Sorry but I need to duck out of this too, have a last minute work appointment...


----------



## kazinak (Mar 23, 2010)

i'll be there around 10.30-11.00 ,it's two hours drive for me


----------



## Mondo (Feb 20, 2009)

Unlikely to make it - I should probably fit the TIP and/or grounding kit. :?


----------



## joehirth (Oct 12, 2011)

I would appreciate an early slot too as I'm heading off to Silverstone straight after.


----------



## GrandeD (Aug 30, 2011)

forget my last comment about football and a early run, been left out of the squad anyway haha. Im definitely going to be at the RR and can do any time


----------



## nathan88 (Oct 18, 2009)

Cheers for the updates guys, I had planned for some drop outs anyway so it's all good.

I will try and arrange slots, dies anyone know how long each run usually lasts?


----------



## joehirth (Oct 12, 2011)

nathan88 said:


> Cheers for the updates guys, I had planned for some drop outs anyway so it's all good.
> 
> I will try and arrange slots, dies anyone know how long each run usually lasts?


10-20mins ish. Do we need towing eyes? I don't have one so would love anyone who would let me borrow theirs


----------



## jamman (May 6, 2002)

Not seeing WAS until late morning so wont be there but have a great time gents and well done Nathan for organizing.

Make sure you post up the results.


----------



## tt-beast (Nov 9, 2011)

Hi, new to the forum.

Would it be okay to come down to watch if were not running our cars?

Cheers


----------



## nathan88 (Oct 18, 2009)

joehirth said:


> nathan88 said:
> 
> 
> > Cheers for the updates guys, I had planned for some drop outs anyway so it's all good.
> ...


Cheers for that, and i don't know but you can borrow mine if needed...

Cheers Jamman, will do, and the photos.

Yes mate of course you can, more the merrier.


----------



## nathan88 (Oct 18, 2009)

I'm going to pop down to Marlin motors tomorow (Friday) to see how the running slots are going to be, duration wise.

So far I have listed up the following times as an estimate, Kaz and Joe having early slots as requested... Please make me aware of when you can run please. ( sticking to the half hour slots method).

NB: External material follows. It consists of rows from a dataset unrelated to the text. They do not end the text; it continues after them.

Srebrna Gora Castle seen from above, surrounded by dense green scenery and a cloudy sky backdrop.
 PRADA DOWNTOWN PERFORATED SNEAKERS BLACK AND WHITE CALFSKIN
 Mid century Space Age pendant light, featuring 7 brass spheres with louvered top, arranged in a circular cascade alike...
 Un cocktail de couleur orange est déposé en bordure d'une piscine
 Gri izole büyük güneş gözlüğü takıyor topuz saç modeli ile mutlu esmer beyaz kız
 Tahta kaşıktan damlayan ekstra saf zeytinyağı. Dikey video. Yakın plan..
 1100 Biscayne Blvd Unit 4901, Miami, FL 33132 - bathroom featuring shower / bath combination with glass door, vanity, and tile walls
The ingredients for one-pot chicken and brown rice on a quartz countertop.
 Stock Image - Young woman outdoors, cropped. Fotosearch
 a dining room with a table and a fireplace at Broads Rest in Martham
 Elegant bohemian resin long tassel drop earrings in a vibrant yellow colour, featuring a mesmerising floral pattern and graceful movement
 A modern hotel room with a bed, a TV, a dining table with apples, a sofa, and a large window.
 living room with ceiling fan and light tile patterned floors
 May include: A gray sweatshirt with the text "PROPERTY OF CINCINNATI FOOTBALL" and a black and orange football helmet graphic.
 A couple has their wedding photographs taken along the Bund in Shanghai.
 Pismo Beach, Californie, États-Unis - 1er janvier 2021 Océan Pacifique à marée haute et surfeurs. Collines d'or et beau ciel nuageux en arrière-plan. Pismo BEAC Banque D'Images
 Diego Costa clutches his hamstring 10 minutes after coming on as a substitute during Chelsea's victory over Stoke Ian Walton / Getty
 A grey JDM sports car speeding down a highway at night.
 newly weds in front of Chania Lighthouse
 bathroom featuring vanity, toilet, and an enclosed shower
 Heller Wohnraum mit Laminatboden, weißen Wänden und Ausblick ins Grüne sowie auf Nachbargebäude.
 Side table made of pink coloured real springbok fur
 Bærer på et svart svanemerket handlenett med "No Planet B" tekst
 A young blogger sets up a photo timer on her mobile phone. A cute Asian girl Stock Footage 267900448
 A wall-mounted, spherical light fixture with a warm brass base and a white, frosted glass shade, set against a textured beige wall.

1. Nathan88 - Running - 9-9:30
2. Drew (MK2 20v Golf) - Running - 9:30 - 10
3. Lee (Drew's mate) - MK2 16V Golf - Running - TBC
4. Kazinak - Running - 11-11:30
5. Drews friend Fiesta - Running - TBC
6. Charlie - Spec'gaying - N/A
7. GrandeD - Running - TBC
8. DK - Running - TBC
9. S16LAD - Running - TBC
10. Joehirth (Ibiza Cupra) - Running - 10-10:30
11. Kazinak's friend ( golf Mk4) - Running - TBC


----------



## Charlie (Dec 15, 2006)

Nath can you add Simon S16LAD to run at 10.30am please.

Cheers

Charlie


----------



## nathan88 (Oct 18, 2009)

Charlie said:


> Nath can you add Simon S16LAD to run at 10.30am please.
> 
> Cheers
> 
> Charlie


Yepyep, noted down Charlie.

I'm gonna sort this out now.

Anyone heard from DK?


----------



## S16LAD (Apr 9, 2010)

Charlie said:


> Nath can you add Simon S16LAD to run at 10.30am please.
> 
> Cheers
> 
> Charlie


Thanks!


----------



## kazinak (Mar 23, 2010)

can't wait, 
sadly i didn't receive my 3'' tip ( big thanks to AMD essex) also another company failed to deliver Jetex cone filter [smiley=bigcry.gif] , so i'll be runing with the wakbox :lol:


----------



## nathan88 (Oct 18, 2009)

Kaz....GUTTED lol.

Called Marlin Motorsd today and time slots wise he just said run in what ever order you like really so just sort it out 2mz.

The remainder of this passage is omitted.